_WORK ITEM_
Return all of the following entries as written, but without the images.

_DATA TO USE_
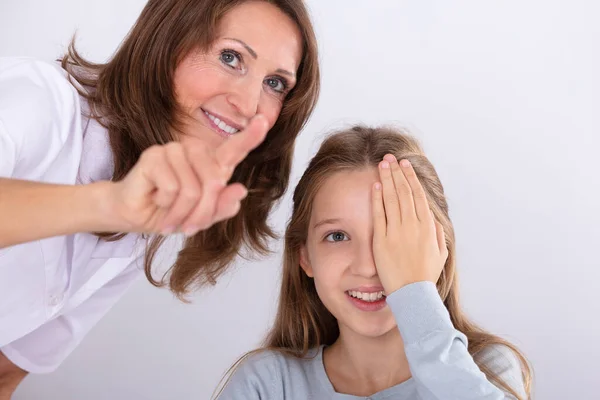 Sorrindo Optometrista Feminino Assistindo Menina Enquanto Verifica Visão Clínica — Fotografia de Stock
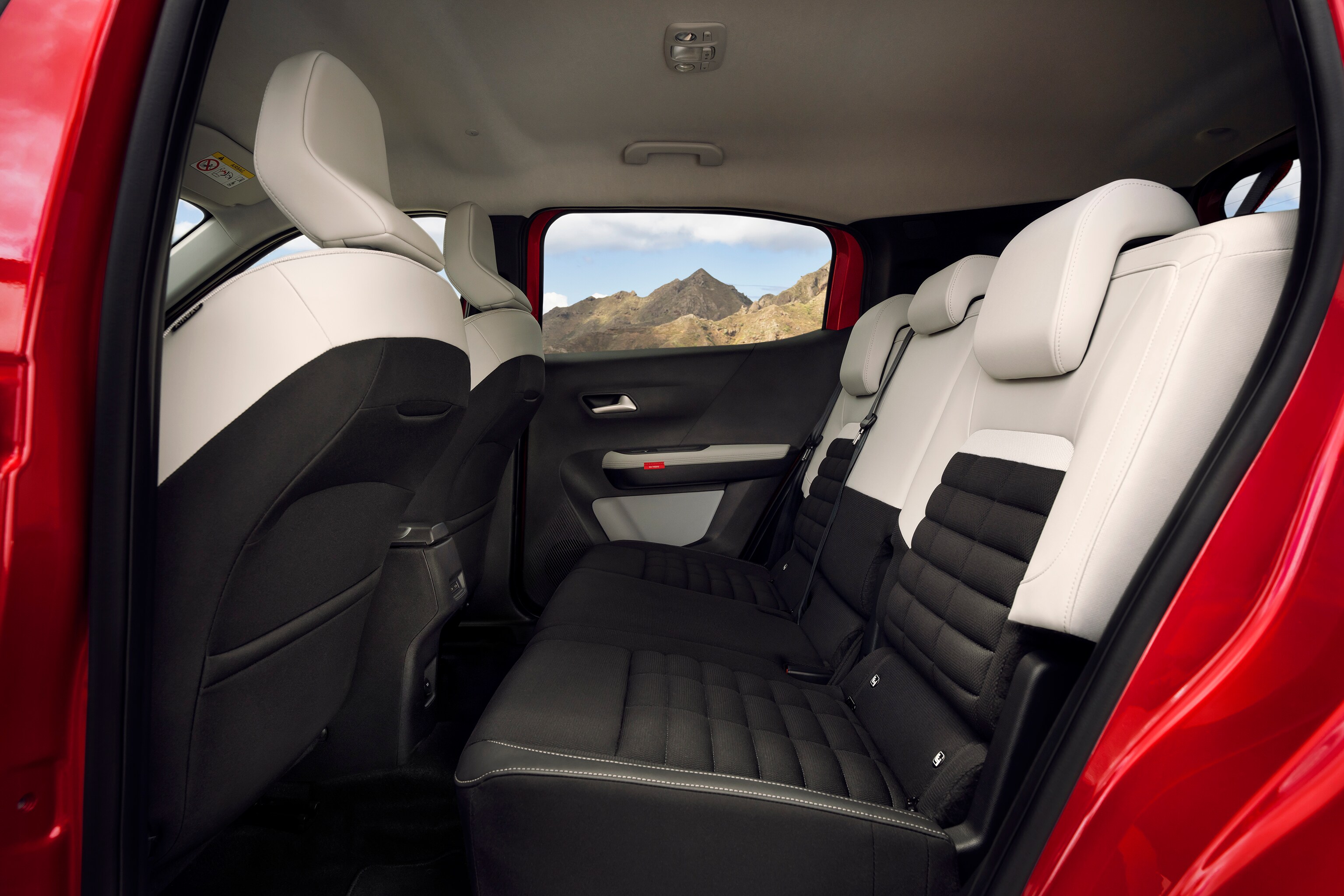 Achterbank van de Citroën compacte SUV met zwart‑witte bekleding en uitzicht op een berglandschap.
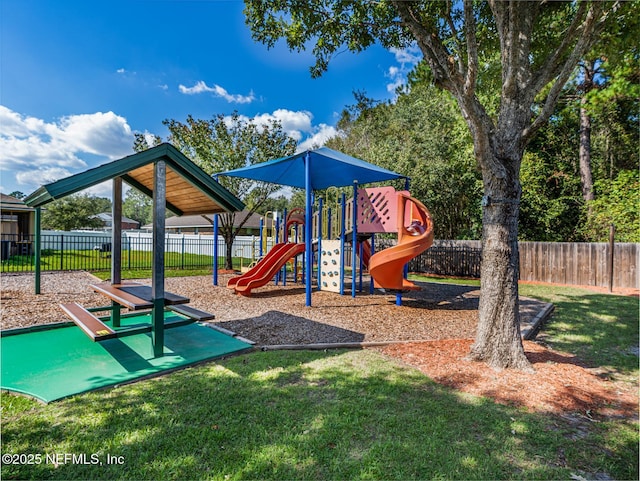 community playground featuring fence and a lawn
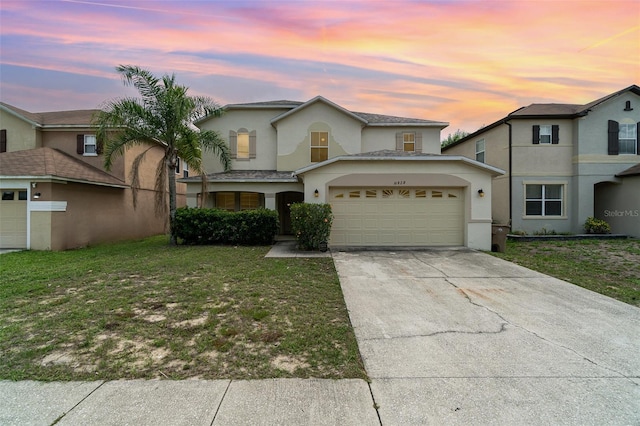 16828 N Gold Star Ct, Clermont, FL 34714 - view of front of home featuring an attached garage, stucco siding, driveway, and a front yard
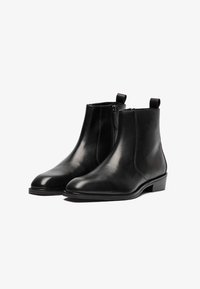 Botas de cuero negro hasta el tobillo con textura suave, puntera redonda, cierre lateral con cremallera y tira en la parte posterior. Tacón bajo apilado.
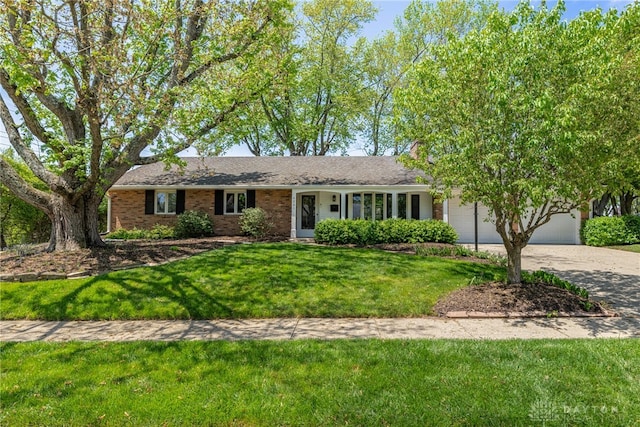 ranch-style home with an attached garage, a front yard, brick siding, and concrete driveway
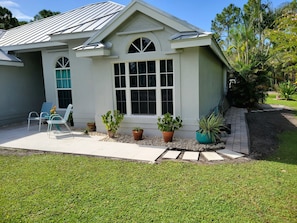 Front patio with seating area and walk around sidewalk to pool area & back yard.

_TASK OUTPUT_
 Sorrindo Optometrista Feminino Assistindo Menina Enquanto Verifica Visão Clínica — Fotografia de Stock
 Achterbank van de Citroën compacte SUV met zwart‑witte bekleding en uitzicht op een berglandschap.
 community playground featuring fence and a lawn
 16828 N Gold Star Ct, Clermont, FL 34714 - view of front of home featuring an attached garage, stucco siding, driveway, and a front yard
 Botas de cuero negro hasta el tobillo con textura suave, puntera redonda, cierre lateral con cremallera y tira en la parte posterior. Tacón bajo apilado.
 ranch-style home with an attached garage, a front yard, brick siding, and concrete driveway
 Front patio with seating area and walk around sidewalk to pool area & back yard.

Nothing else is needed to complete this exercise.